Ia juga mengangkat ‘kekakuan’ dalam beragama. Contohnya seperti di dalam cerpen Telaga Angsa.
“Moral dan agama ada pada keindahan kesenian itu, kalau Eyang puas atas pertunjukkan balet Rusia itu, ini artinya balet Rusia itu telah berdakwah tentang kebenaran.”
“Sekalipun mereka atheis?”
“Sekalipun mareka atheis.”

Dan melalui cerpen Si Denok, Danarto menyinggung selera seni anak muda yang sangat kaku. Di mana Sukarno mempunyai banyak koleksi patung wanita telanjang (dan nyatanya memang begitu), dan para anak muda protes karena hal itu bertentangan dengan idielogi mereka yang mengaku punya jiwa revolusioner.

“Koleksi seni rupa Bung bertentangan dengan nilai-nilai ketimuran kita yang luhur dan agung,” sela seorang pemudi.

“Lukisan dan patung wanita telanjang adalah lambang keindahan. Jika nilai-nilai ketimuran kita bukan keindahan, lebih baik aku tinggalkan.”


Tidak afdol jika kita tidak membahas cerpen yang menjadi judul buku ini. Ikan-Ikan dari Laut Merah bercerita tentang bocah anak nelayan yang mempersembahkan ikan kepada Rasul.

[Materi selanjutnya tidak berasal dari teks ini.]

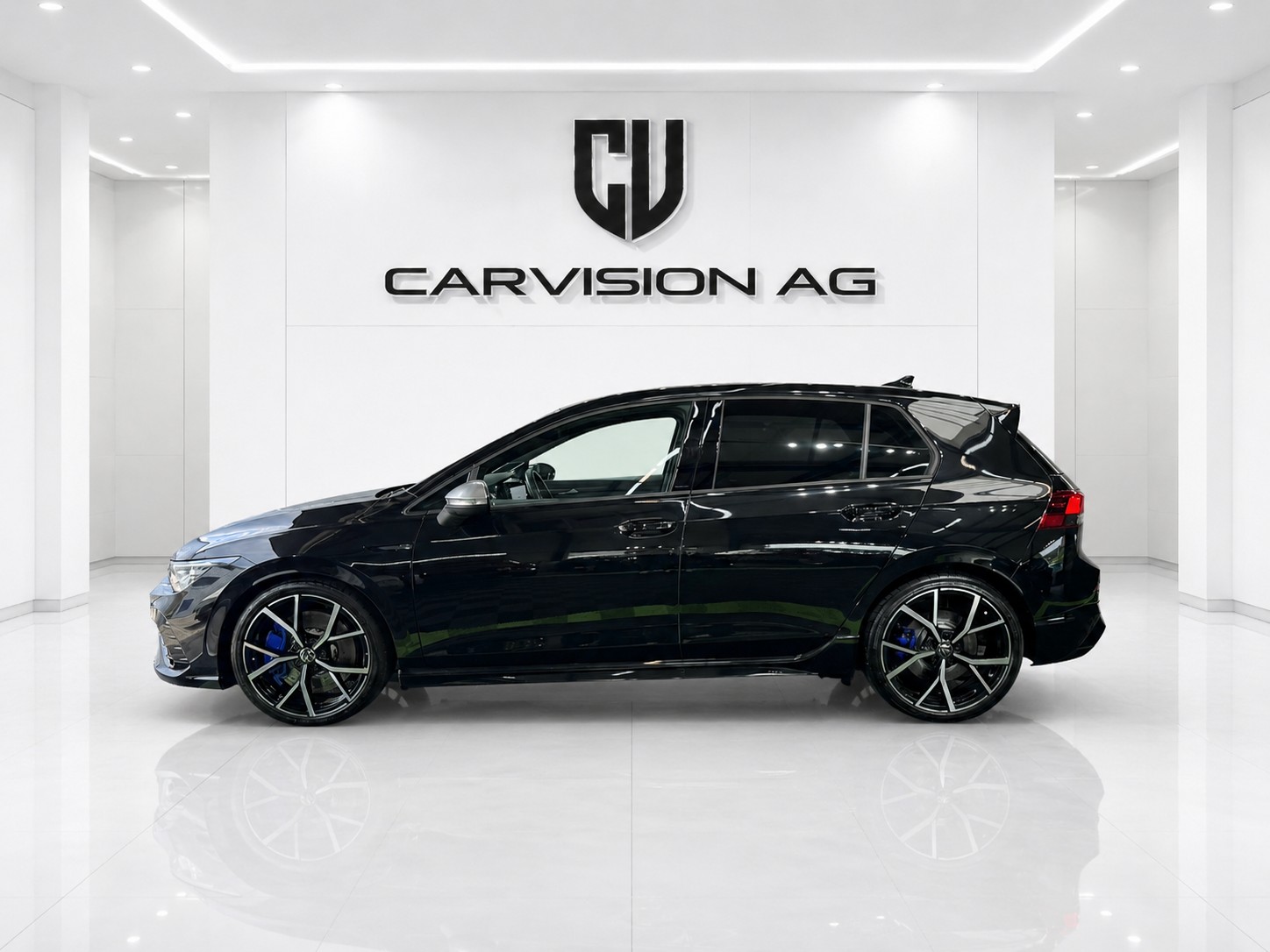 VW Golf 2.0 TSI R DSG 4Motion-image-3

'Hidup sezaman dengan Kanjeng Rasul Muhammad rasanya seperti hidup di lingkungan yang tertata rapi dengan sendirinya. Dalam segala hal, kami umatnya, diayomi seperti bibit tanaman kecil yang dipeluk dalam dadanya dari badai gurun.'

Ikan yang dipersembahkan itu diambil di Laut Merah, ia melompat sendiri ke parahu dan meminta untuk dipersembahkan kepada Rasul supaya ia dielus dan masuk surga.

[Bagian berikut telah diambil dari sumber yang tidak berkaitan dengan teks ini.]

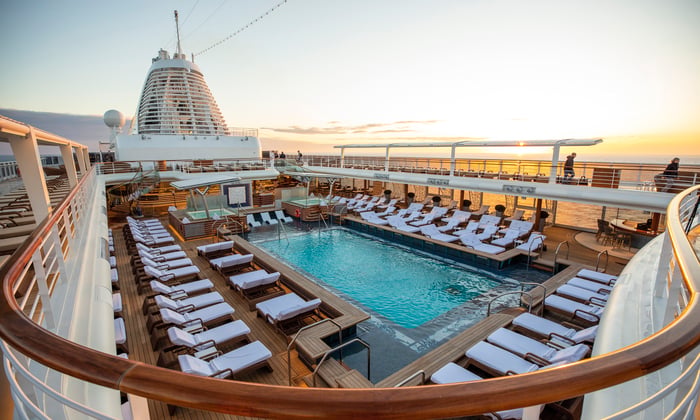 Regent Seven Seas Splendor - Pool deck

Jika dibaca secara sekilas, memang cerpen ini terkesan sangat surealis. Tapi jika ditilik dari sudut tasawuf kita akan menemukan banyak nilai.

Seperti yang dikatakan Om Edi Mulyono di pengantar buku: ikan besar dan keledai itu simbolis patut benar untuk ditafsirkan sebagai umat Rasul. Ketika kedua makhluk itu berjuang keras supaya bisa berjumpa dengan Rasul—untuk kemudian mati—dapat diterjemahkan bahwa sikap tersebut merupakan mengikuti segala apa yang diajarkan Rasul. Dimensi syariat cukup terwakili dalam “dielus-elus” Rasul. (….) kemudian, situasi syariat itu diberanjakkan dengan narasi “Air mata ikan itu berderai dan mulutnya tak mampu berkata apa-apa” menuju kedalaman batin, dan intuisi, dan tepat pada derajat demikianlah (air mata) dimensi ontologis yang amat mendalam, puncak ittihad, memandu dan melebur pada diri. Tuhan-dan-makhluk memanungggal dalam simbolisme air mata.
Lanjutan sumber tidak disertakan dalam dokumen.